Figure 11 is the steel ball group 11 in bowl mill 1 of the present invention when not accounting for 50% of whole bowl mill 1 inner space, and detection module group is positioned at structural representation during bowl mill 1 lower area;

Figure 12 is the steel ball group 11 in bowl mill 1 of the present invention when not accounting for 50% of whole bowl mill 1 inner space, and bowl mill 1 rotates in one week process, detection module group output waveform figure;

Figure 13 is the steel ball group 11 in bowl mill 1 of the present invention when exceeding 50% of whole bowl mill 1 inner space, and detection module group is positioned at structural representation during bowl mill 1 upper area;

Figure 14 is the steel ball group 11 in bowl mill 1 of the present invention when exceeding 50% of whole bowl mill 1 inner space, and detection module group is positioned at structural representation during bowl mill 1 lower area;

Figure 15 is the steel ball group 11 in bowl mill 1 of the present invention when exceeding 50% of whole bowl mill 1 inner space, and bowl mill 1 rotates in one week process, detection module group output waveform figure;

Figure 16 is steel ball group 11 motion state in bowl mill 1 of the present invention when there is cast and decline movement, and detection module group is positioned at structural representation during bowl mill 1 upper area;

Figure 17 is steel ball group 11 motion state in bowl mill 1 of the present invention when there is cast and decline movement, and detection module group is positioned at structural representation during bowl mill 1 lower area;

Figure 18 is steel ball group 11 motion state in bowl mill 1 of the present invention when there is cast and decline movement, and bowl mill 1 rotates in one week process, detection module group output waveform figure;

Figure 19 is the steel ball group 11 in bowl mill 1 of the present invention when being in apocarpy, and detection module group is positioned at structural representation during bowl mill 1 lower area;

Figure 20 is the steel ball group 11 in bowl mill 1 of the present invention when being in apocarpy, and bowl mill 1 rotates in one week process, detection module group output waveform figure;

Figure 21 is bowl mill 1 inside of the present invention when not having a steel ball group 11, and detection module group is positioned at structural representation during bowl mill 1 upper area;

Figure 22 is bowl mill 1 inside of the present invention when not having a steel ball group 11, and bowl mill 1 rotates in one week process, detection module group output waveform figure;

Figure 23 is bowl mill 1 inside of the present invention when being full of steel ball group 11, and detection module group is positioned at structural representation during bowl mill 1 lower area;

Figure 24 is bowl mill 1 inside of the present invention when being full of steel ball group 11, and bowl mill 1 rotates in one week process, detection module group output waveform figure.

Embodiment

The technological means realized to make the present invention, creation characteristic, reaching object and effect is easy to understand, setting forth the present invention further below in conjunction with concrete diagram.

Referring to figs. 1 through Fig. 6, ball grinder interior steel ball group motion state distributed detection system, comprise bowl mill 1, bowl mill 1 is provided with ball milling cover 2, is provided with ballstone group in bowl mill 1, and ballstone group is steel ball group 11.A DYNAMIC DISTRIBUTION detection system is provided with in bowl mill 1, DYNAMIC DISTRIBUTION detection system comprises the detection module group that a group is positioned at bowl mill 1, detection module group comprises the upper detection module connected successively, middle part detection module, bottom detection module, upper detection module, middle part detection module, bottom detection module comprises at least one sub-detection module 31 respectively, a sub-detection module 31 is connected to the bottom of another sub-detection module 31, at least three sub-detection modules 31 connect successively, the sub-detection module 31 at top connects the bottom of ball milling cover 2, it is inner that detection module group is deep into bowl mill 1.

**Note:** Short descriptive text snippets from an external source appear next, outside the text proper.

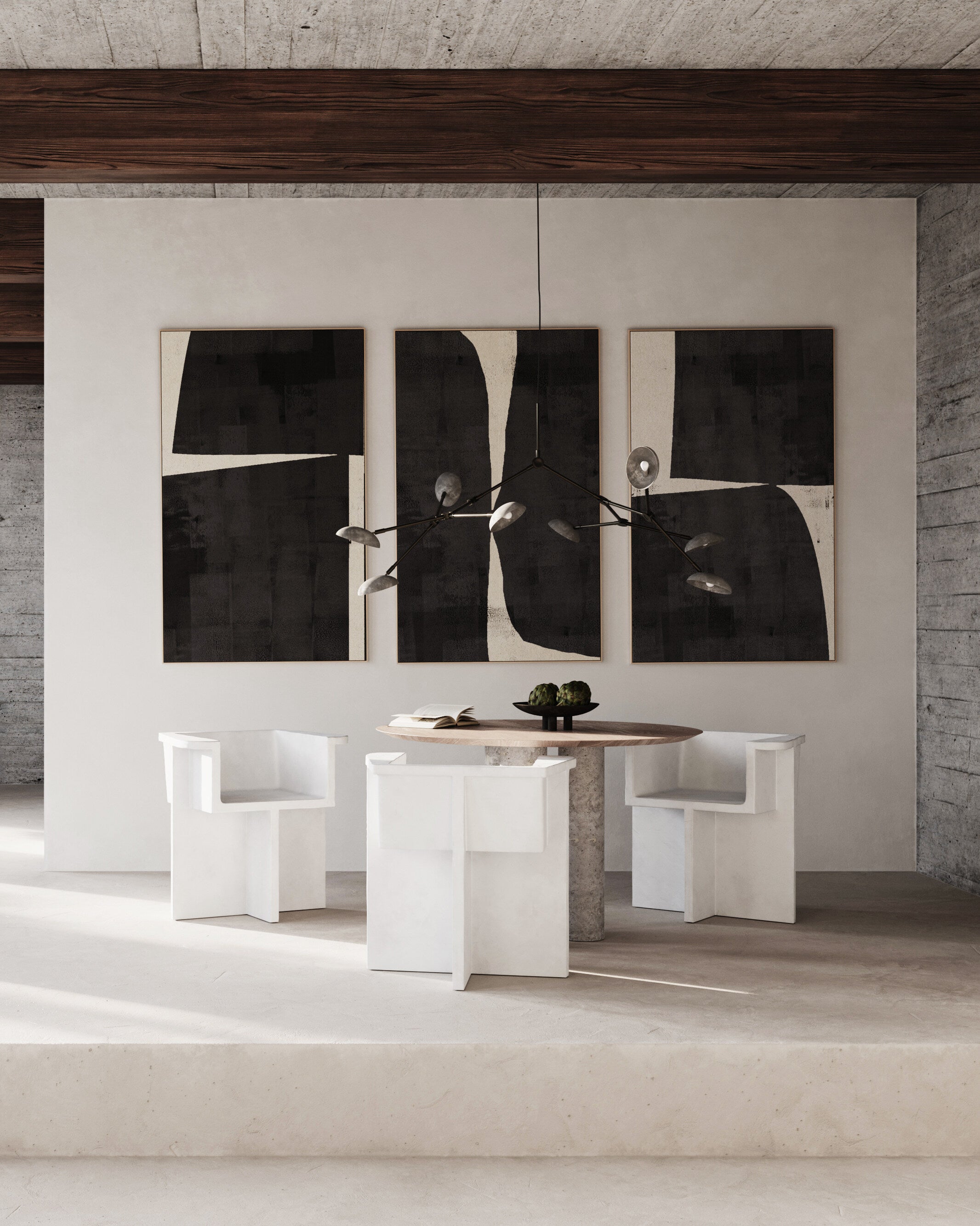 101 Copenhagen - Drop Chandelier - Oxidized - Chandelier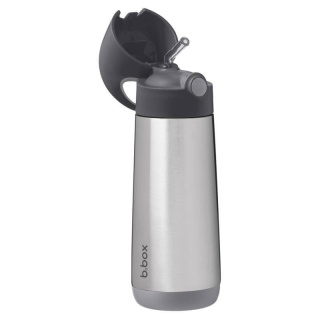 Grafitowa butelka termiczna dla dzieci ze słomką B.Box 500 ml Graphite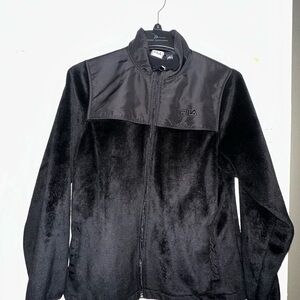 FILA Sport Black Fleece Zip Jacket — Size L — Minimal / Street / Alt Athleisure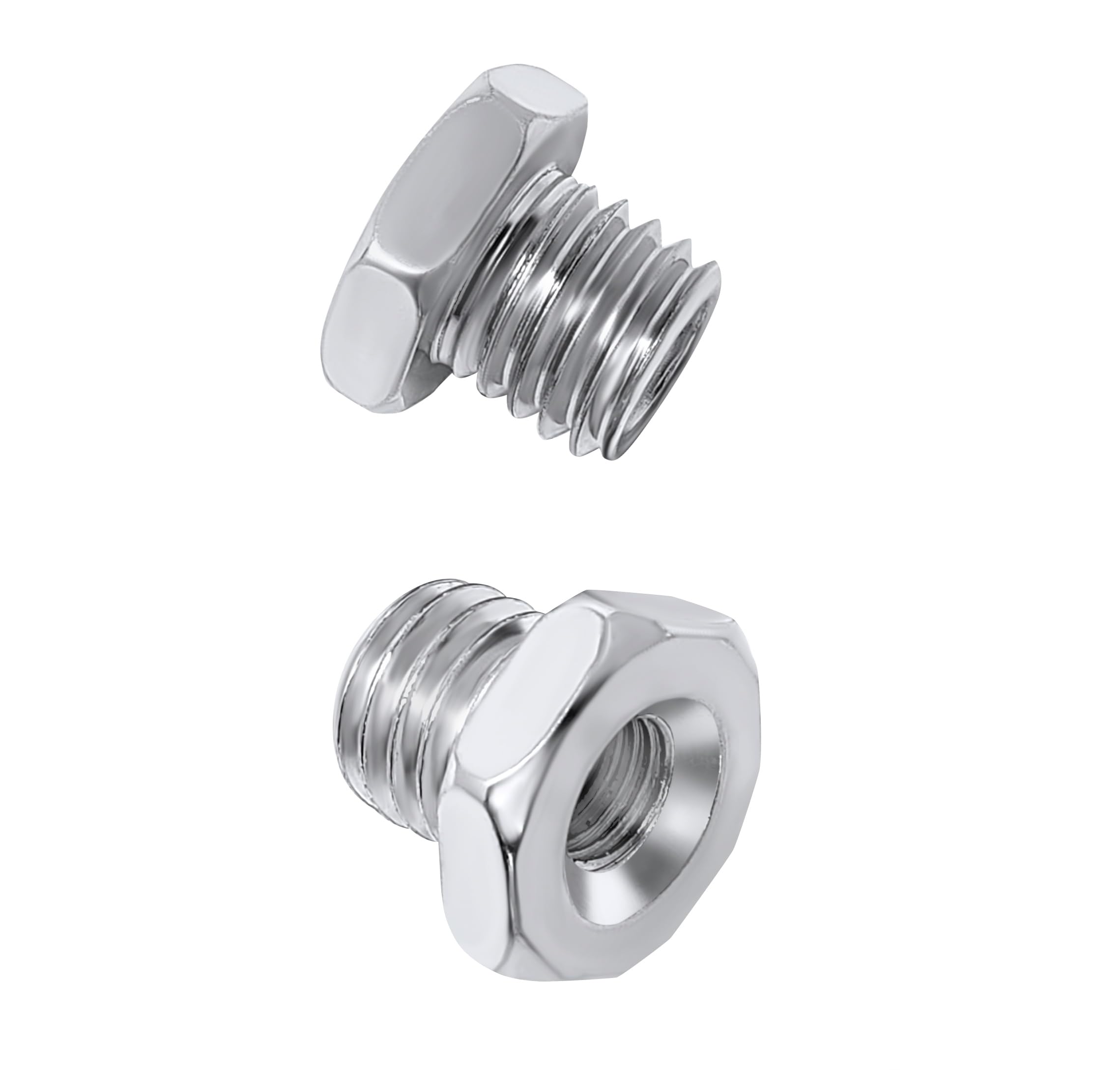 LINE10 Tools 2-Pack Angle Grinder Arbor Adapters - 5/8-11 to 3/8-24 UNF Thread Converter for Wire Wheels & Brushes - Perfect for Metal Polishing, Rust Removal & Surface Preparation
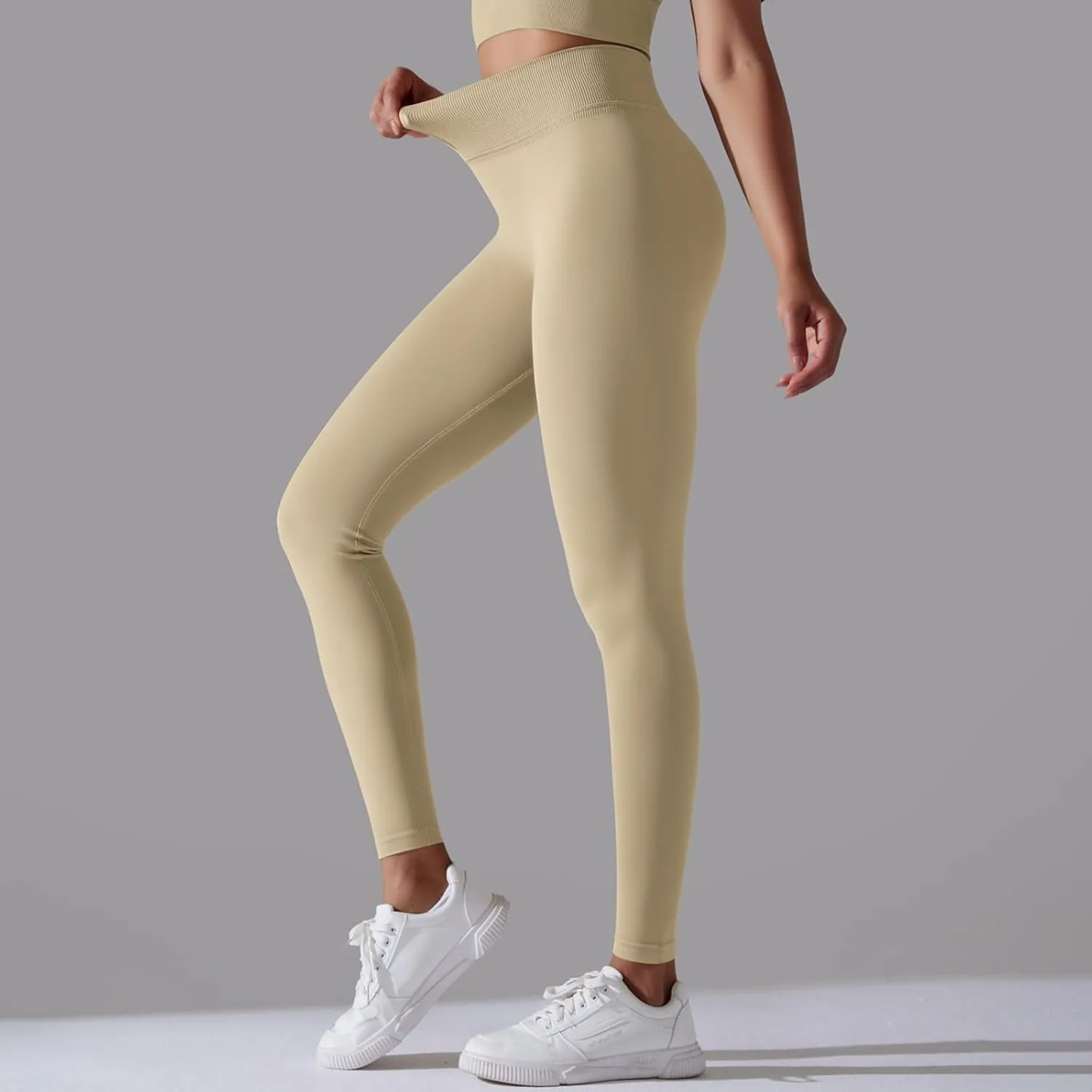 High Waisted Leggings for Women Smooth Soft Yoga Pants Stretchy Tummy Butt Lifting Tights Fashion Thermal Sweatpants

The inside of sub-detection module 31 is provided with a cavity, the chamber wall of cavity is provided with an iron core 321, one end of iron core 321 is wound with a solenoid 322, the other end of iron core 321 is wound with an inductive coil 323, inductive coil 323 connects a signal processing module 33, and signal processing module 33 connects a wireless transmitter module 34.Inductive coil 323 all connection signal processing modules 33 of each sub-detection module 31.DYNAMIC DISTRIBUTION detection system also comprises the power module 36 that provides electric energy, and power module 36 connects solenoid 322 and signal processing module 33 respectively, for solenoid 322 and signal processing module 33 are powered.The present invention is directly deep into ball grinder interior detection module group, and the chamber wall of media impingement detection module group in bowl mill, medium of the present invention comprises steel ball group 11, mineral aggregate and water.Power module 36 powers to solenoid 322, when bowl mill 1 inside steel ball group 11 near or when touching the sub-detection module 31 of iron core 321 opening part, make magnetic circuit conducting, thus inductive coil 323 senses electromotive force, and send induction electromotive force to signal processing module 33, after signal processing module 33 pairs of induction electromotive forces process, judge whether sub-detection module 31 groups is subject to the impact of the inner steel ball group 11 of bowl mill 1, and send judgement information to wireless transmitter module 34, by wireless transmitter module 34, judgement information is sent to other equipment outside.The present invention adopts multiple sub-detection module 31 to detect steel ball group 11 together and rubs or clash into the induction electromotive force of generation, and send induction electromotive force to signal processing module 33 respectively, signal processing module 33 can identify the situation of change of each induction electromotive force, thus judges whether sub-detection module 31 is subject to the impact of steel ball group 11.The detection mode of above-mentioned design, accuracy of detection is high, reliability is strong, is ball grinder saving energy speed governing, the research of ball grinder interior fluid distrbution, provides authentic experiments data.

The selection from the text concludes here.